Earlier we did "net user administrator /active:yes". This enabled the actual Admin account. You are using this as your regular account (not recommended)? If not, reboot to that actual Admin account to handle the files. I thought you created a new account, and migrated to it?

I was never able to use the Administrator account. There was a password. I never set a password so there shouldn't have been one. And I didn't know it.

[Jintan]

Log in to the Administrator account, and just press Enter for the password (no password). Then try the file uploads. No joy, we will need to use a tool to gain copies, so we can ID these items and move forward.

[Kasey21]

I had tried not password and it didn't work either.

[Jintan]

Foof. When the computer is right out of the box, you are usually offered then to create that password. I usually hedge my bet on most folks fearing they will forget it, and passing it by at that time (they do).


Be sure to continue to temporarily disable any protective software when running the scan tools we use here.


Open notepad (go to Start, Run, type notepad and press Enter) and copy/paste the text in the codebox below into it:

KillAll::
Suspect::
C:\Windows\system32\Drivers\akerneldrv32.sys
C:\Windows\system32\Drivers\pcrasys32.sys
C:\Windows\system32\servicescache.exe

Save this to your desktop as CFScript.txt


You should now have both ComboFix and that CFScript.txt on the desktop. Just left click/hold on the CFScript.txt file, and drag it into ComboFix to start the scan.

ComboFix will now run as it did before. Allow the scan to run. When completed a text window will appear - please copy/paste the contents back here. This log can also be found at C:\ComboFix.txt.

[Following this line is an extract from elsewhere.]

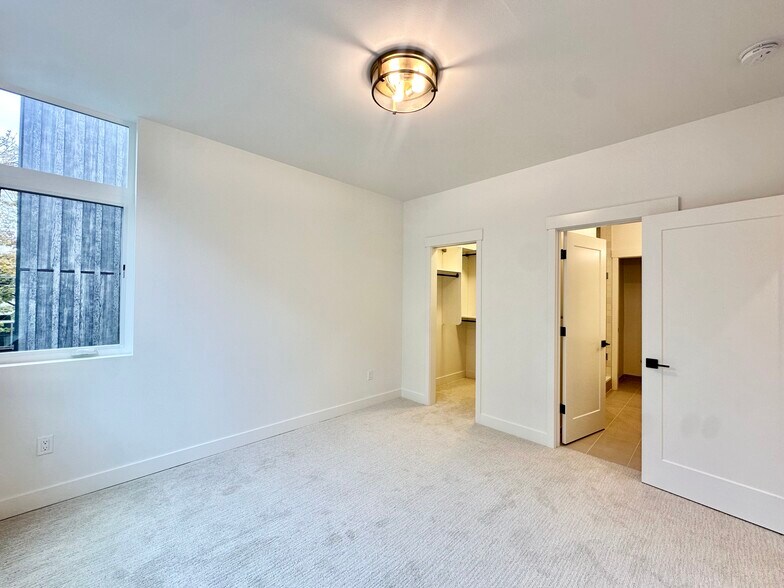 Building Photo - 1725 17th Ave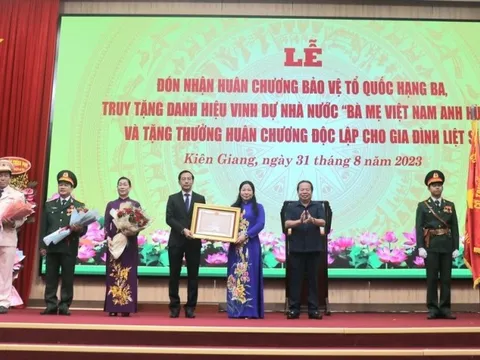 Kiên Giang đón nhận Huân chương bảo vệ Tổ quốc hạng Ba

ComboFix will now run as it did before. Allow the scan to run. When the scan completes this time a text log will open, as well as an indication the removed files need to be submitted for analysis (showing under "Collect" in the CFScript). You can just close the browser window and allow the scan to complete, as we will be assessing these locally.

Once the ComboFix scan completes, I would like you to locate the new zipped file on your desktop, called Submit [Date Time].zip, and go here, press new topic, fill in the needed details and just give a link to your post back here. Then press the browse button and then navigate to & select that zip file on your computer. You DO NOT need to be a member to upload, anybody can upload the files. You will not be able to see the file once uploaded.